# 13' Rivermaster (Gheenoe Clone)



## makin moves (Mar 20, 2010)

it has a neat layout should be a cool little boat when your done


----------



## saltandson (Apr 21, 2008)

It sounds like a sweet layout, get on it! Looking forward to the updates, you got some good history with that boat! A Re-Do only makes it a custom!


----------



## cutrunner (Jun 8, 2010)

Nice, i like that factory horizontal livewell


----------



## jcoody (Jul 1, 2010)

Well the only thing with the livewell being that way is that there is no room to put a cooler in front of it without the front seat hitting it, and if you put it behind the livewell you have no legroom what so ever. Only thing I could do was put a small drink cooler between it and the side. No room for a cooler to fit decent size fish, the livewell is also quite small inside. If my boat were 2 feet longer the livewell would be awesome this way. I should be getting some stuff done Sunday.


----------



## JaxLaxFish (Aug 23, 2010)

You could always use a cooler for your front/rear seat


----------



## jcoody (Jul 1, 2010)

That's a good idea about the cooler seat. I would need one with somewhat of a back on it.


----------



## DuckNut (Apr 3, 2009)

Never thought of using a switchblade for demo  Cool little skiff and welcome to the mayhem.


----------



## jcoody (Jul 1, 2010)

The switchblade I found in a huge bucket of sockets a friend gave me and it was something that I could careless about bending! Worked pretty great until I spilled resin on it! 

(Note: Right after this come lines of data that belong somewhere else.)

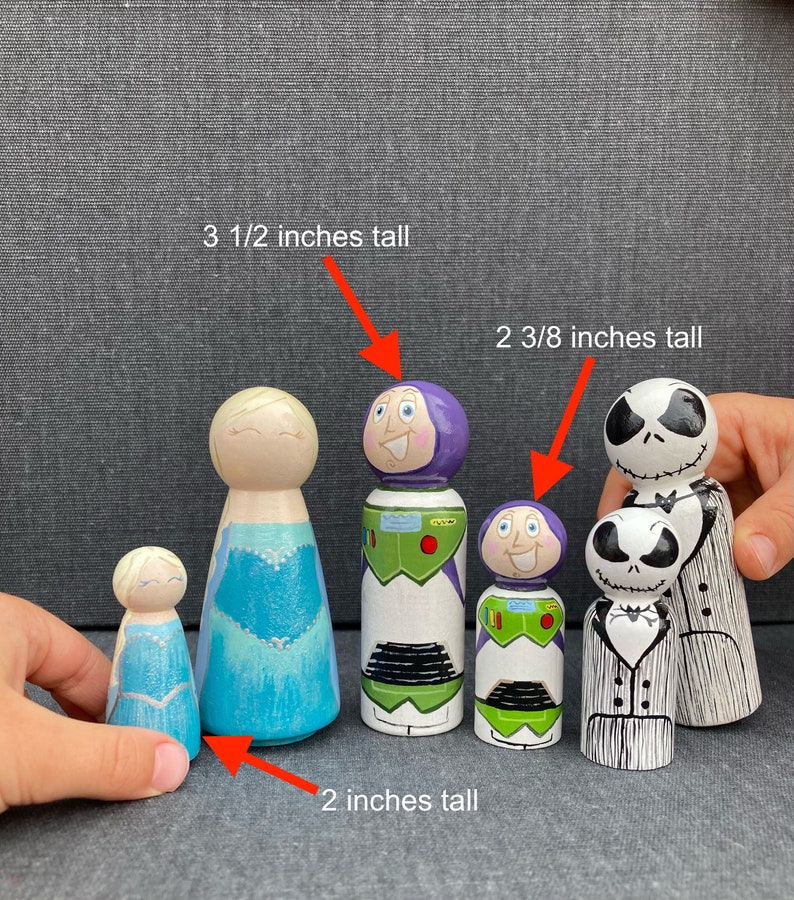 May include: Five wooden peg dolls, hand-painted with different characters. The dolls are 5.1 cm, 6.0 cm, and 8.9 cm tall.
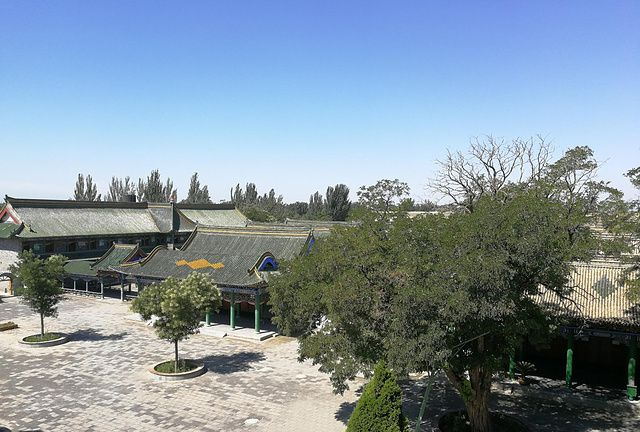 A traditional Hui village with green-tiled roofs and trees lining a paved courty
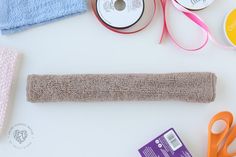 various craft supplies laid out on top of a white table with scissors, tape and other items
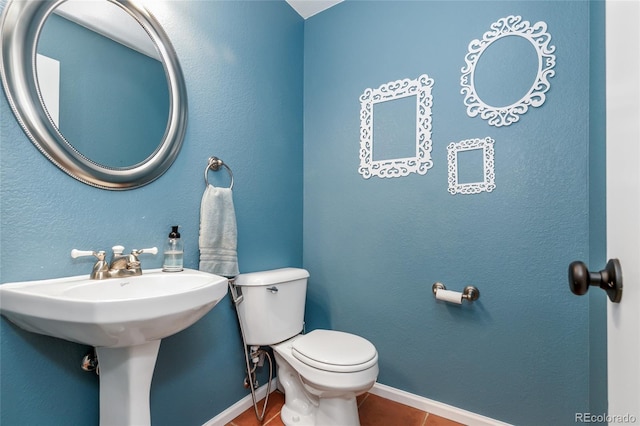 1540 Meachum Way, Erie, CO 80516 - bathroom with tile patterned flooring, toilet, baseboards, and a sink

Well I brought the trailer home today. She looks good. Be even better when I paint her with Pearl Blue Auto paint to match what the boat will be! Also I was going to have pvc guide post on the trailer but I found some 3/4 inch stainless steel tubing that will make her shine and not scratch my boat. Should get pics up tomorrow. It was too dark tonight.


----------



## mike519 (Jul 26, 2010)

the rivermaster is still being made over in Live Oak,FL email me and can give you his name and number


----------



## Un-shore (Sep 27, 2007)

Dude, I will buy that switchblade off you! 

Your boat looks like a nice sturdy hull, good luck and have fun.


----------



## jcoody (Jul 1, 2010)

Thanks! Its a decent little boat, I love it. 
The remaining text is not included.